Around the nation, there's no Jimmermania this March.
"It's definitely not as crazy as last year," said Fredette, nearing the end of a quiet rookie season. "It's just a different phase of your life, and I've gone through that before."
Maybe not like this.
A year ago, Fredette swept up the country with big performances in big games that had NBA stars tweeting his name, President Barack Obama mentioning him while filling out his bracket and BYU faithful in a frenzy that reached beyond the quiet Provo campus. He won almost every national award, including The Associated Press' player of the year honor.
As the former BYU sensation returns to Utah on Friday night to face the Jazz, his popularity outside the Beehive State has dwindled and so has his role on one of the NBA's worst teams.
"There are not a lot of people who would handle what he has gone through as gracefully as Jimmer," said his uncle, Lee Taft, who has trained Fredette since he was 5 years old. "Jimmer is just so patient, and he understands his time will come."
Fredette is still coping with his reshaped reality.
The surprising emergence of 5-foot-9 point guard Isaiah Thomas, the 60th and final pick of last year's draft out of Washington whom the Kings are touting for Rookie of the Year honors, is one of the biggest reasons Fredette has been buried on the bench. The other is his struggle to adapt to new coach Keith Smart, who took over for the fired Paul Westphal after a 2-5 start, and his demands that Fredette become more than a ball-dominating guard.
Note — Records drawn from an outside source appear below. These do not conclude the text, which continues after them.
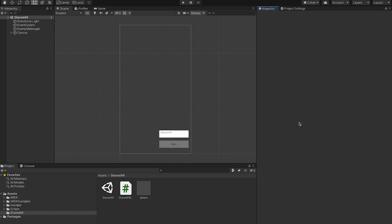Hi, this is Andy from the AR SDK team at Niantic, and this is a quick walkthrough to show how to use the AR networking interface to create a shared AR experience between multiple phones.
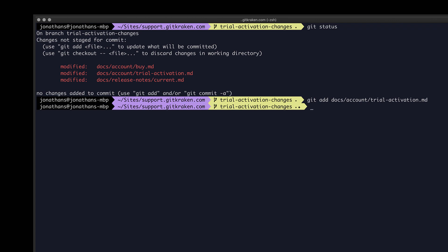And once the changes are staged, we will save these changes in the repository by performing a commit with the command git commit. And to add a commit message, we're also going to type dash m, followed by the message in quotes.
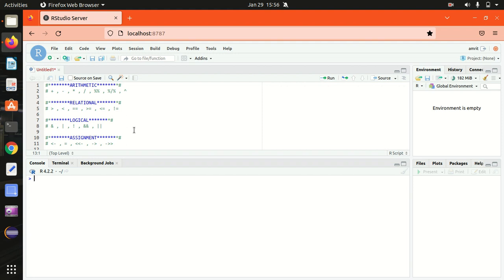Hello everyone, this is Amrit Pal Singh. Welcome to the next video of our R programming language series. In this video I'll be talking about the different operators available in R. You can see in front of you I've already opened up RStudio, in which I have classified some operators: arithmetic, relational, logical, and assignment.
The coaching change not only complicated Fredette's transition — which already included lost offseason workouts, summer league and a full training camp due to the prolonged NBA lockout — it has become the source of ridicule from impatient fans.
That passion peaked Feb. 21, when Fredette's brother, T.J., became so frustrated that his sibling sat for all 48 minutes at Miami he tweeted, "Can we please get rid of this interim coach who should be an assistant at best and bring in a real head coach." He later apologized for the remarks.
"Sometimes I have to text Jimmer after games so I feel good," joked his father, Al Fredette, who will be in Salt Lake City along with scores of family members and friends Friday night. "He handles it a lot better than the rest of us."
Fredette's minutes have steadily evaporated.
In his last four games — the ones he has actually played in — Fredette has been on the floor for a combined 24 minutes. He has almost as many games not played (five) as starts (six), the last coming in a loss at Golden State on Jan. 31.
Fredette is averaging 7.2 points and 1.8 assists in about 18 minutes per game while shooting 38 percent from the floor and 37 percent from 3-point range. In a little more than a month, he has morphed into a third-string backup on a Sacramento (17-33) team that is the second worst in the Western Conference.
"The one thing Jimmer needs, is he needs minutes," Taft said. "Jimmer has always been a point guard. And when a point guard doesn't have a chance to get into a flow, get the feel of his teammates and make his adjustments on the floor, it's very difficult."